→ **Exercise details**: Write out exactly the lines below starting at the one containing "Green Small Fresh" and ending at the one containing "Seamless pattern with". Omit every picture.

→ **Listed entries**:
____
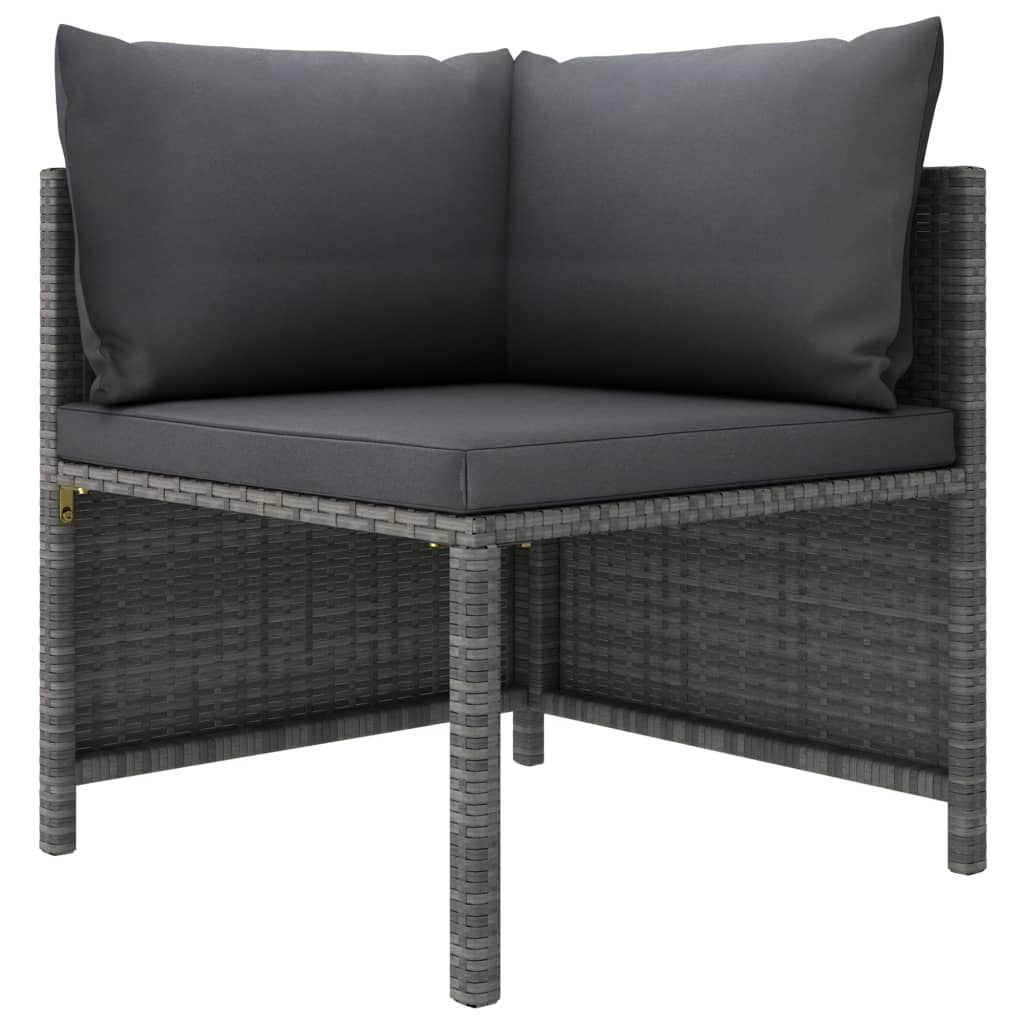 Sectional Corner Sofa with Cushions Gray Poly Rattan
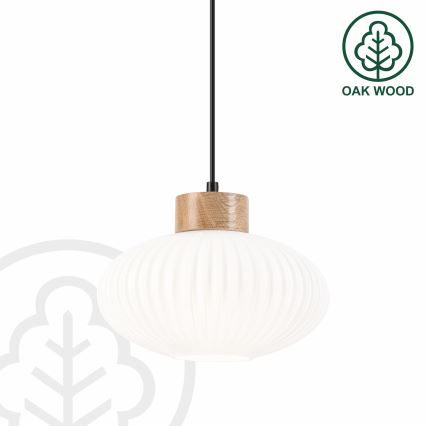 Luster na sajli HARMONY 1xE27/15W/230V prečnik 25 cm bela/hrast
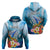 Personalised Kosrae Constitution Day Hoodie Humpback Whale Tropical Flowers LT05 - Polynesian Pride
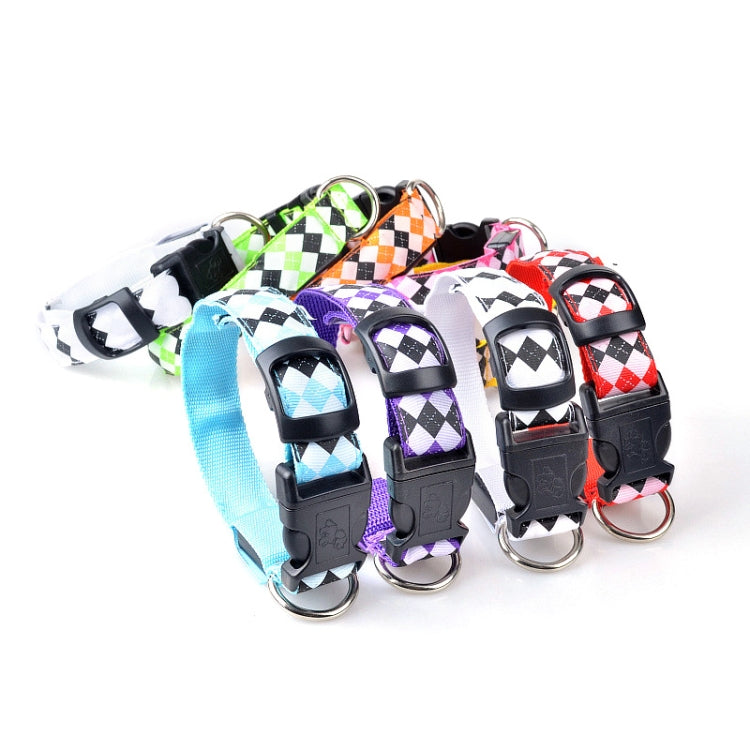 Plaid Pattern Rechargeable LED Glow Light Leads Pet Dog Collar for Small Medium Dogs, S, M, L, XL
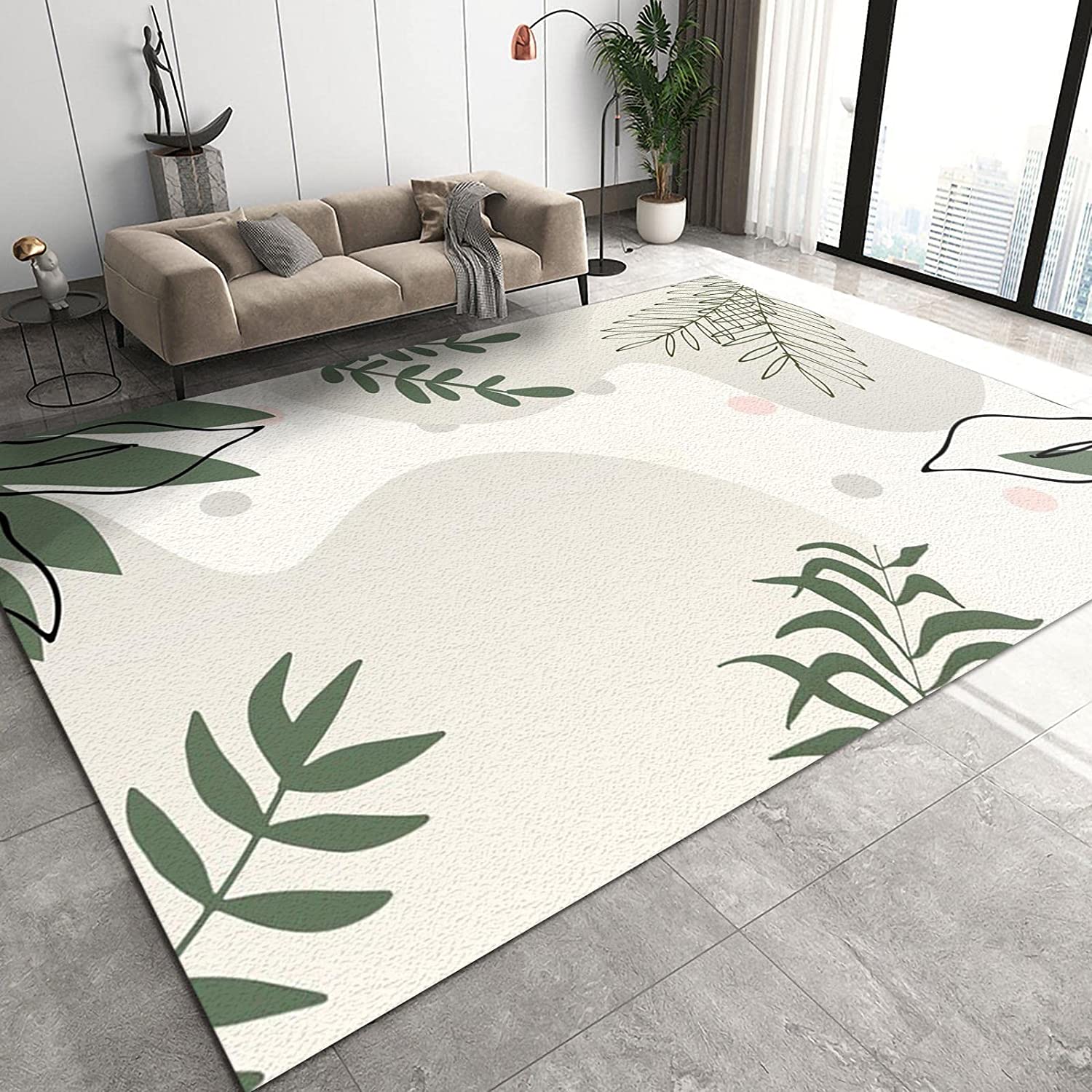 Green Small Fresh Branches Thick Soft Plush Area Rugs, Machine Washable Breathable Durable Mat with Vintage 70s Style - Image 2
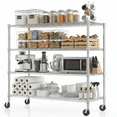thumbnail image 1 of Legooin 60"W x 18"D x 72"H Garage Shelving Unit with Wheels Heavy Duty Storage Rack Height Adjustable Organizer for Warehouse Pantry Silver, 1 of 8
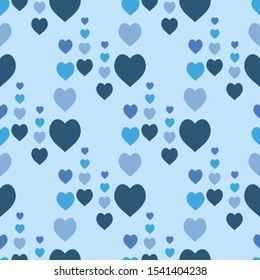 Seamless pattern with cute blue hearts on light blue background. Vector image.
____
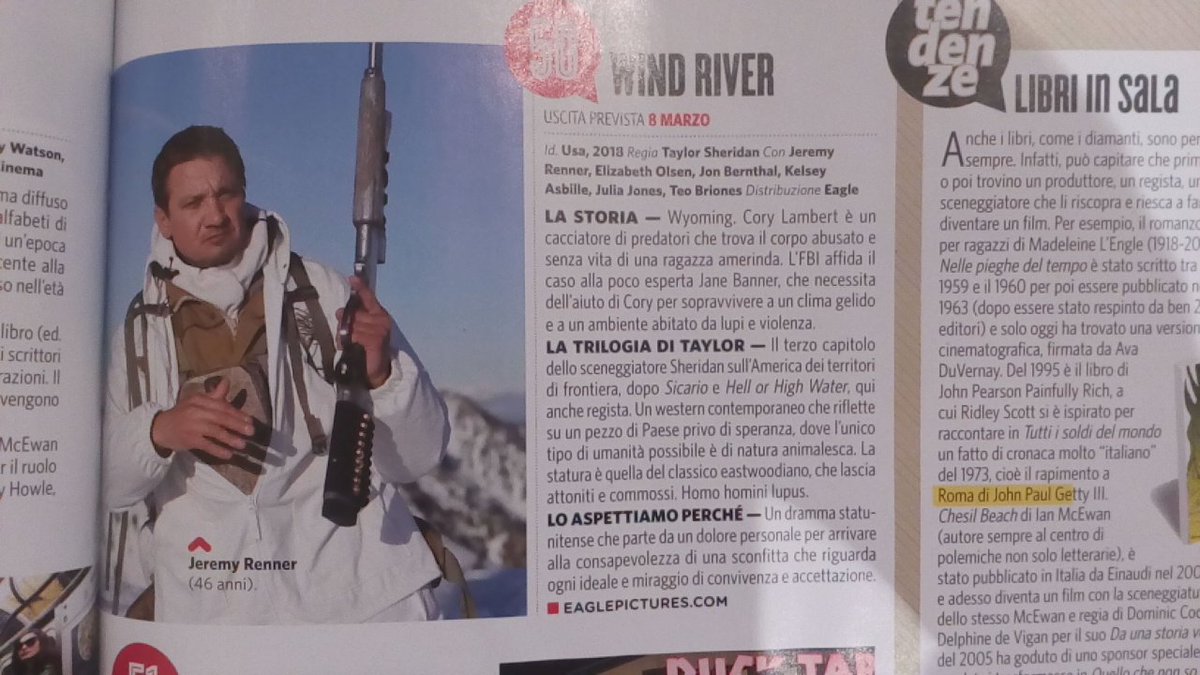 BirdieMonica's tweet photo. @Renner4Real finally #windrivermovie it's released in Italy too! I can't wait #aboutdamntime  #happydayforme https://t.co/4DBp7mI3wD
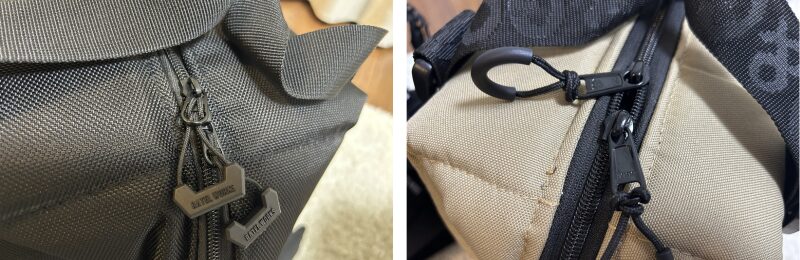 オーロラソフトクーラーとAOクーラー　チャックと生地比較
____
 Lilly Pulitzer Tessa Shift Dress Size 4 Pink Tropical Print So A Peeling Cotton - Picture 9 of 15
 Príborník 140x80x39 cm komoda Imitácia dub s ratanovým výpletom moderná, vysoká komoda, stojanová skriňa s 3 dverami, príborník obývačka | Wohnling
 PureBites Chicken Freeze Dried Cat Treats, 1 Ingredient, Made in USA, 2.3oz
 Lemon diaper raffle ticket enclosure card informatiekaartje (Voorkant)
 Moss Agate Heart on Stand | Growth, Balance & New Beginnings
____
→ **Solution for this problem**:
 Green Small Fresh Branches Thick Soft Plush Area Rugs, Machine Washable Breathable Durable Mat with Vintage 70s Style - Image 2
thumbnail image 1 of Legooin 60"W x 18"D x 72"H Garage Shelving Unit with Wheels Heavy Duty Storage Rack Height Adjustable Organizer for Warehouse Pantry Silver, 1 of 8
 Seamless pattern with cute blue hearts on light blue background. Vector image.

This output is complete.